Google Wave killed to focus on the Aussie NBN?

Opinion

It is well known that Google recently killed their implementation of Wave. It is also well known that Australia’s current Labor government has currently promised to build a $43 billion Fibre-To-The-Home National Broadband Network (NBN). The first nodes are now operational in Tasmania, with (hopefully) much more to come.

It has recently been announced that the NBN will improve its coverage to 93% of the population, and deliver even higher speeds of up to 1000 Mbps (up from 100 Mbps). That’s the same speed promised by Google’s experimental network in the USA for 50,000 to 500,000 people, except it’s potentially on the scale of up to 93% of 22.4 million people. I don't think anyone at Google Australia missed this...the right kind of sufficiently pure fibre should be capable of 50Gbps or maybe even much more.

Even if only a small portion of Australians actually take up the offer it could easily be on par with the US experiment. If Google, with some of the cleverest engineers on the planet figures out killer apps for Aussie blokes and sheilas and their real families...there's an easy roadmap for taking the experiment to a level that's an order of magnitude larger.

However there’s a huge risk – an upcoming election on August 21st, 2010. If the Coalition wins the election, it has promised to kill the NBN, replacing it with a $6.3 billion patchwork of technologies. What does this mean for corporations like Google? Uncertainty - perhaps the single most destructive force for business. Why? Because as a business you can't easily justify the longer term investments that are often the most productive and profitable. For Google that might mean committing engineers to bandwidth-intensive next generation consumer and enterprise apps instead of whatever more mundane tasks need doing (like babysitting Wave?).

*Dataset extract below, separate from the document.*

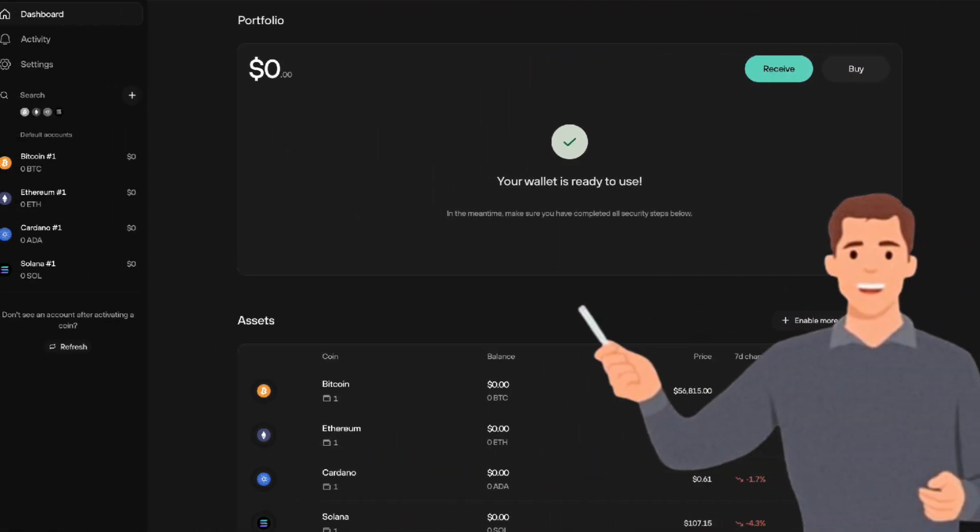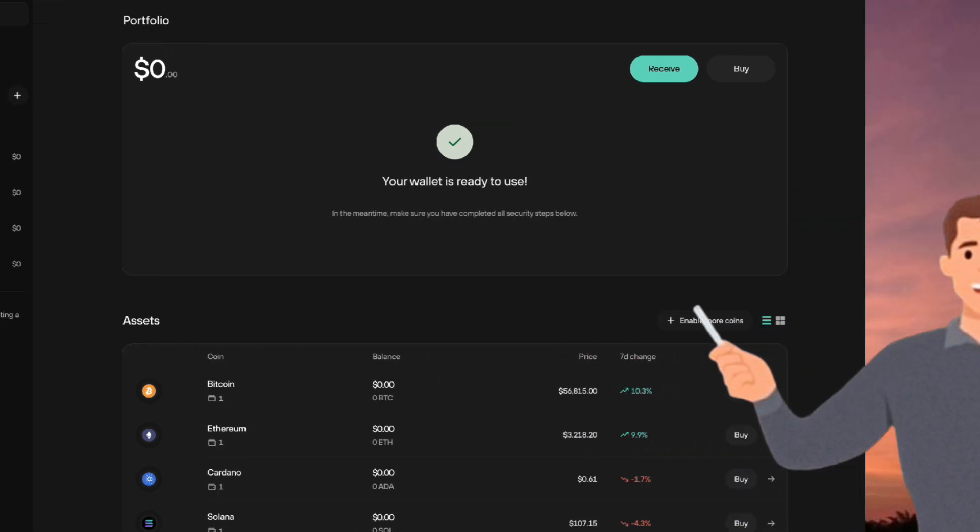Key features include support for 1,000-plus cryptocurrencies, enhanced security with passphrase and Shamir backup options, a built-in exchange for buying, selling, and swapping, CoinJoin integration for improved Bitcoin privacy, and customizable transaction fees.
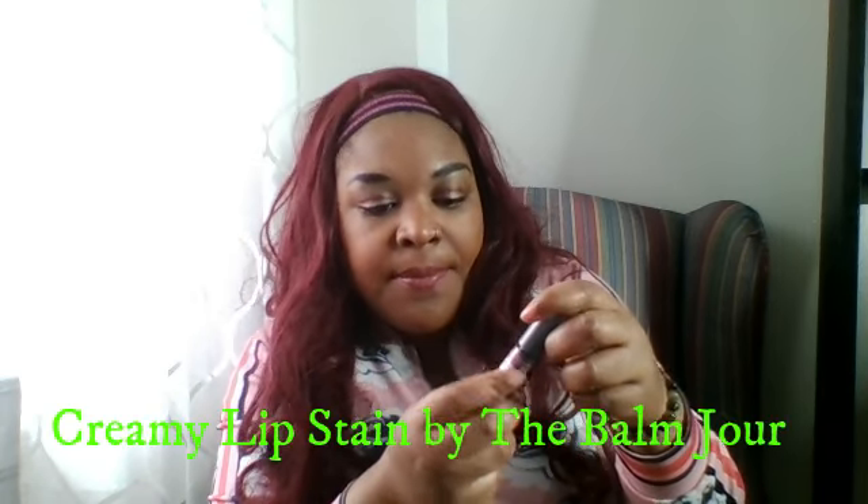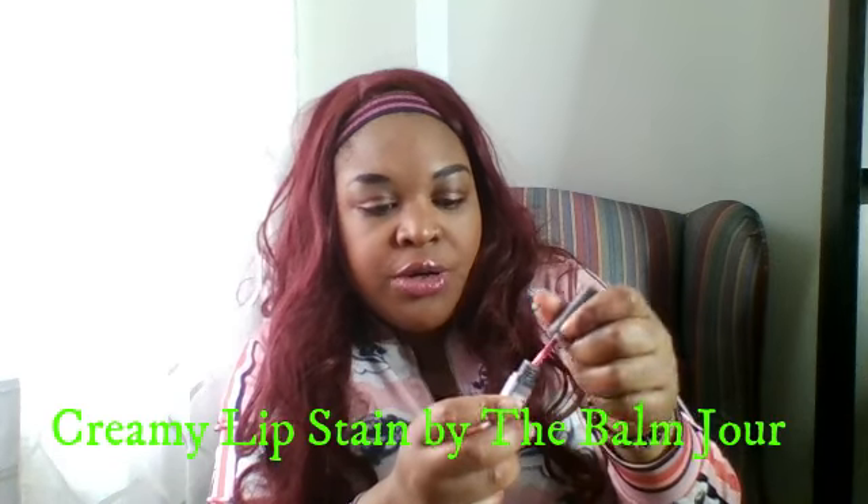I got this hydrating primer — cannot wait to use this. This is by Tarte, so cute the bottle. I got this creamy lip stain balm, this is by Bonjour, and we are really loving this color.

What would a Labor victory deliver? Governments tend to move slowly, by the time of the next election enough of the network will actually have been built (since we're already about 1 year into the estimated 8 year rollout period) that it will be effectively completed, almost no matter what happens in the election after.

So was the death of Google Wave a coincidence or a masterful strategic move?

Killing Wave frees up dozens, perhaps hundreds of Google employees in Sydney who were working on Wave, likely as their 80% project, to think about and work on architecting, designing and constructing the next generation of applications for the post-NBN world. And that means these Googlers and anyone else in the technology industry may have a huge experimental playground for building things like GoogleTV, videoconferencing, enterprise and cloud services, maybe even healthcare and educational applications or entirely novel things we can barely imagine.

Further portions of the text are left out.